### SUPPLIED DATA
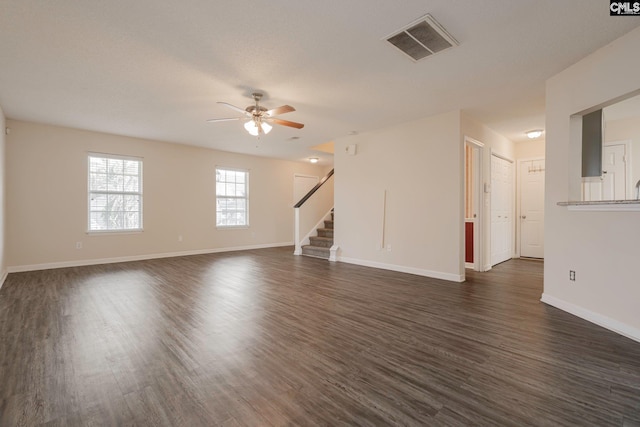 unfurnished room featuring ceiling fan, visible vents, baseboards, stairs, and dark wood-style floors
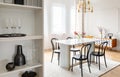 Black chairs at table with flowers under gold lamp in white modern dining room interior. Real photo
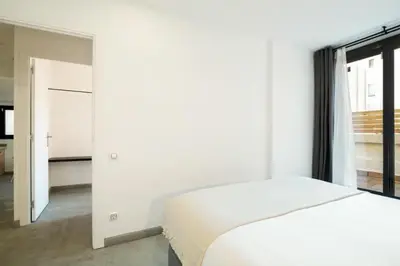 a white bedroom with a bed and a window at Stay U-nique Tapioles Central Apartment in Barcelona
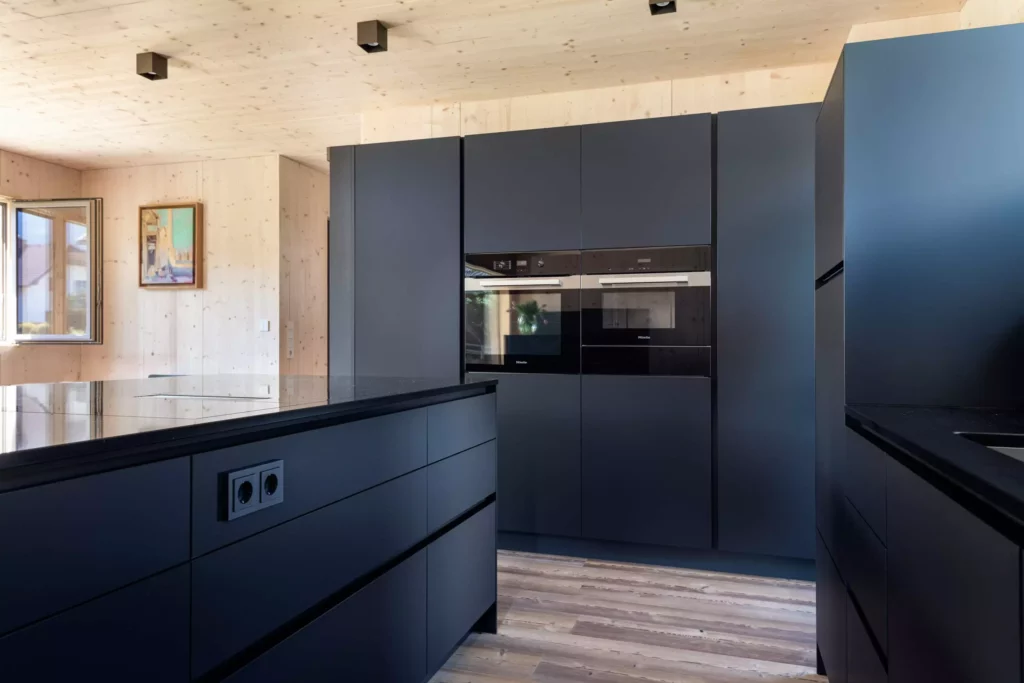 Moderne Poliform Alea Küche in mattem Schwarz mit Miele Einbaugeräten, Holzdecke und hellem Holzboden in Salzburg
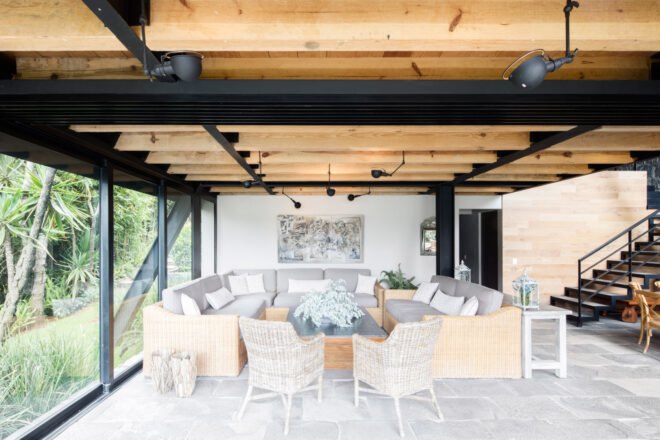outdoor living space with gray sofa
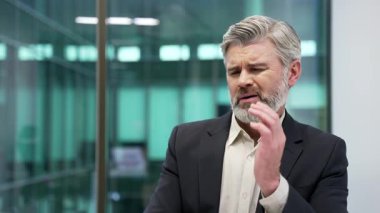 İş yerinde çalışırken diş ağrısından muzdarip olgun bir işadamı. Resmi takım elbiseli işçi elini yanağında tutuyor ve masaj yapıyor. Bir dişçiye görünmesi gerekiyor. Kapat.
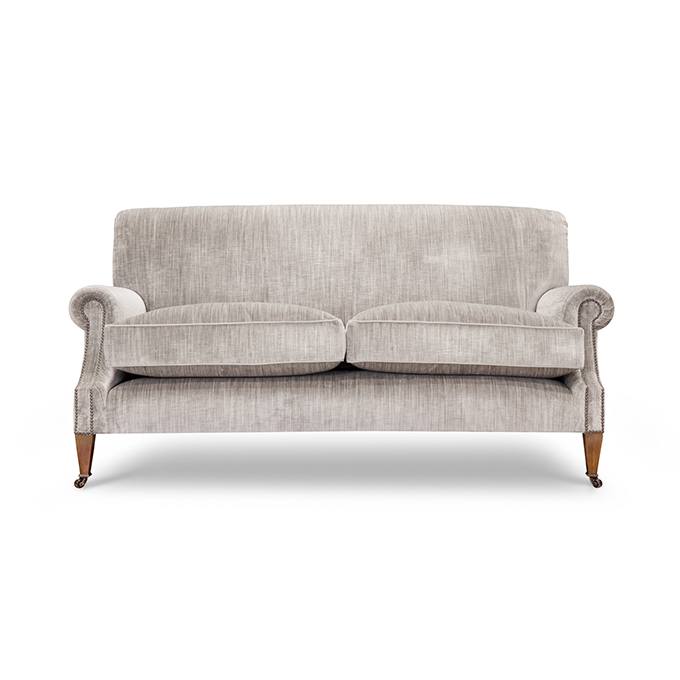 A luxury, bespoke sofa upholstered in a luxurious silk velvet.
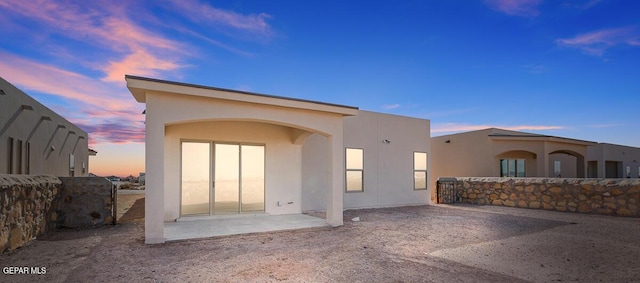 back of property at dusk with stucco siding and a patio area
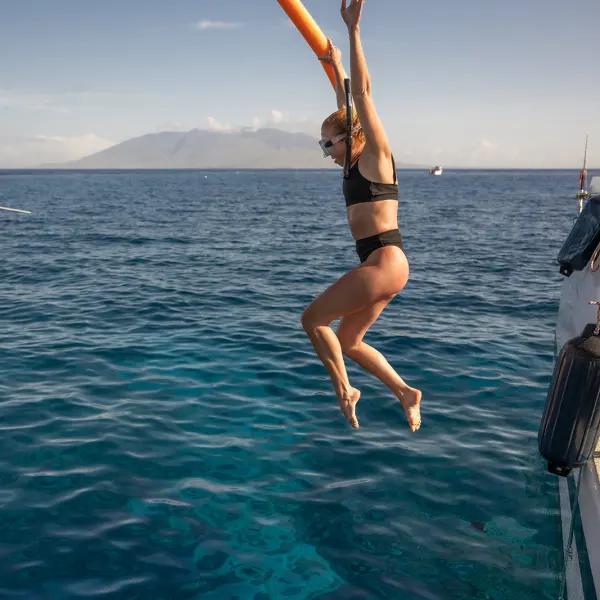 a person standing next to a body of water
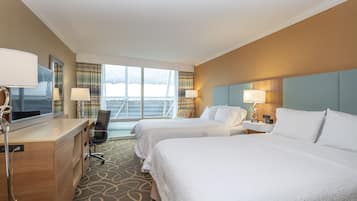 A hotel room with two beds, a desk, a chair, and a large window with curtains.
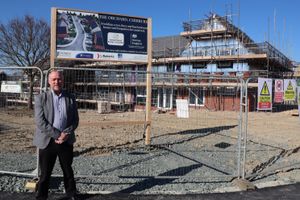 John Green, chief executive of Shropshire Rural Housing, next to a housing development being built in Chirbury. Picture: j&pr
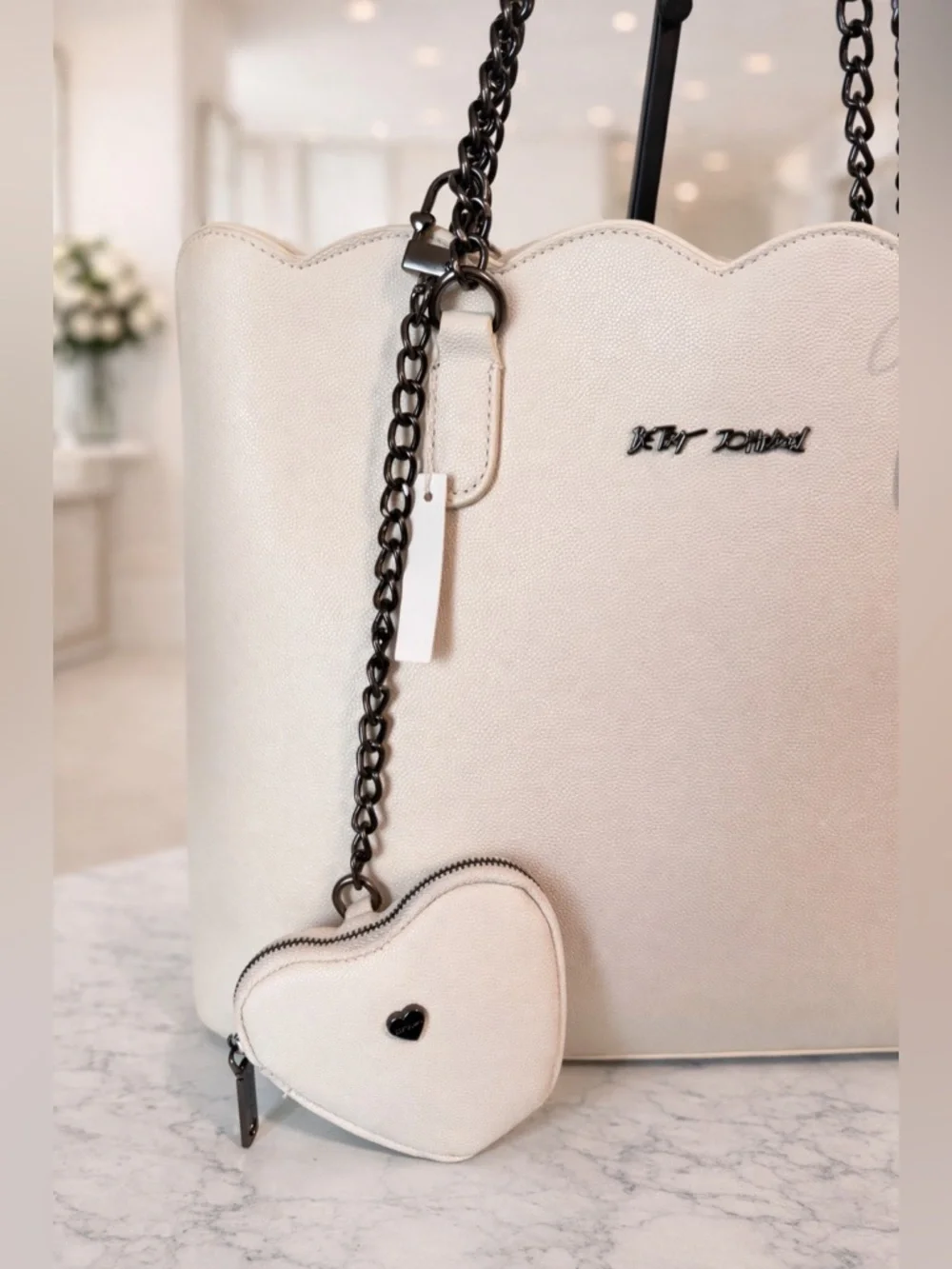 Betsey Johnson cream-colored tote bag black chain straps and heart-shaped charm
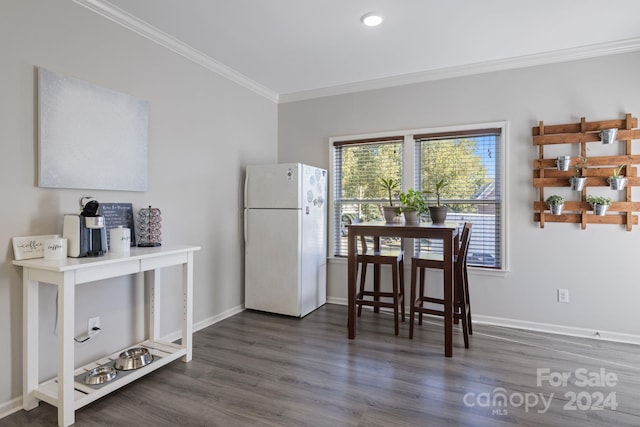 dining room featuring dark hardwood / wood-style floors and crown molding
######
Output exactly the lines from the one that has "a white bedroom" through the end of the data. Do not include pictures.

■ RESPONSE AREA ■
 a white bedroom with a bed and a window at Stay U-nique Tapioles Central Apartment in Barcelona
 Moderne Poliform Alea Küche in mattem Schwarz mit Miele Einbaugeräten, Holzdecke und hellem Holzboden in Salzburg
outdoor living space with gray sofa
 İş yerinde çalışırken diş ağrısından muzdarip olgun bir işadamı. Resmi takım elbiseli işçi elini yanağında tutuyor ve masaj yapıyor. Bir dişçiye görünmesi gerekiyor. Kapat.
 A luxury, bespoke sofa upholstered in a luxurious silk velvet.
 back of property at dusk with stucco siding and a patio area
 a person standing next to a body of water
 A hotel room with two beds, a desk, a chair, and a large window with curtains.
 John Green, chief executive of Shropshire Rural Housing, next to a housing development being built in Chirbury. Picture: j&pr
 Betsey Johnson cream-colored tote bag black chain straps and heart-shaped charm
 dining room featuring dark hardwood / wood-style floors and crown molding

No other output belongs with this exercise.